Jacobson and Kernell (1983) demonstrated the importance of challenger quality ("strategic entry") to Congressional elections. Squire seeks to apply a similar logic to gubernatorial elections. See also Brown (2007).
Squire creates an index of challenger quality rather than just using a dummy as previous studies have done. He codes former governors and senators at 6, U.S. representatives 5, statewide officials 4, state legislators 3, local elected officials 2, other political positions (like party chairs) 1, and those who have held no office in the last 2 years as 0. He then multiples this by a number from 0 to 100, reflecting the percent of the state's population the the individual represented. This has the effect of making U.S. representatives from Connecticut, where there were only 6 House representatives at the time, much more prominent than California representatives.
This index assigns every challenger a score from 0 (no office in the last two years) to 600 (former governors or senators). State legislative leaders are arbitrarily scored at 100.
Only ex-governors and U.S. House members have much luck unseating incumbents (see Table 1), while most other types of challengers succeed rarely. As such, ex-governors and U.S. House members don't appear to behave strategically; they have a good chance at winning whether there is an incumbent running or not, though they do perform better in open contests.
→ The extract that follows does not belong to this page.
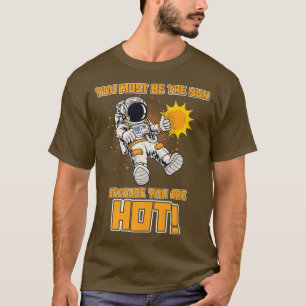 Camiseta dati del descubrimiento de la exploración de la ex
Statewide officeholders are quite strategic. They fare decently in open contests, but poorly when challenging incumbents, so they run more frequently in open contests. This has the effect of preventing lower-quality candidates (state legislators, local leaders, inexperienced, etc) from running in open contests; instead, they serve as sacrificial lambs running against incumbents.
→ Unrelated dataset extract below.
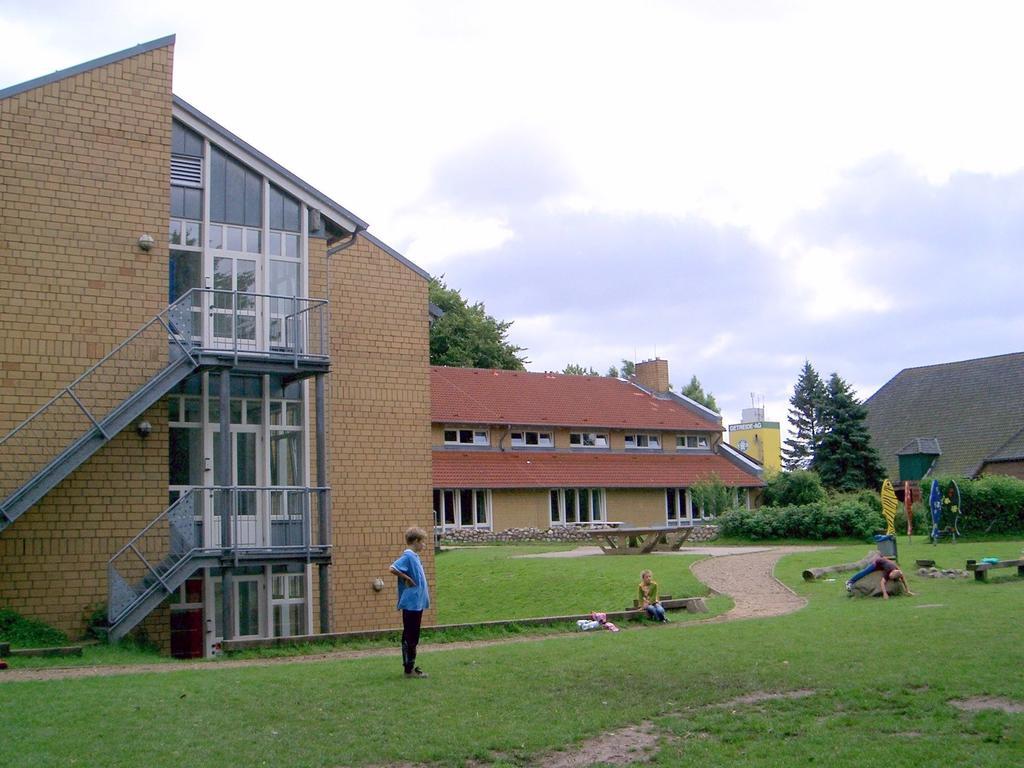 Jugendherberge Kappeln Buitenkant foto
Interestingly, female candidates for governor tend to be of higher quality, though there are very few cases to consider.
Squire uses several variables to predict challenger quality, including term limits, term length, other party's vote share in the previous election, whether the election is held in an odd year, national economic conditions, the size of the high quality challenger pool (i.e. how many opposition party members hold statewide office, House seats, etc), and so on. Of these, only the other party's previous vote share is consistently significant, though the national economy and the size of the high quality challenger pool are significant in some models.
The challenger's party does better depending on the party's strength in the electorate and the current economic conditions.
The index accounts for the correct variables, but Squire presents no evidence that it is valid. Why should we believe that it is? Is there a better way to operationalize challenger quality?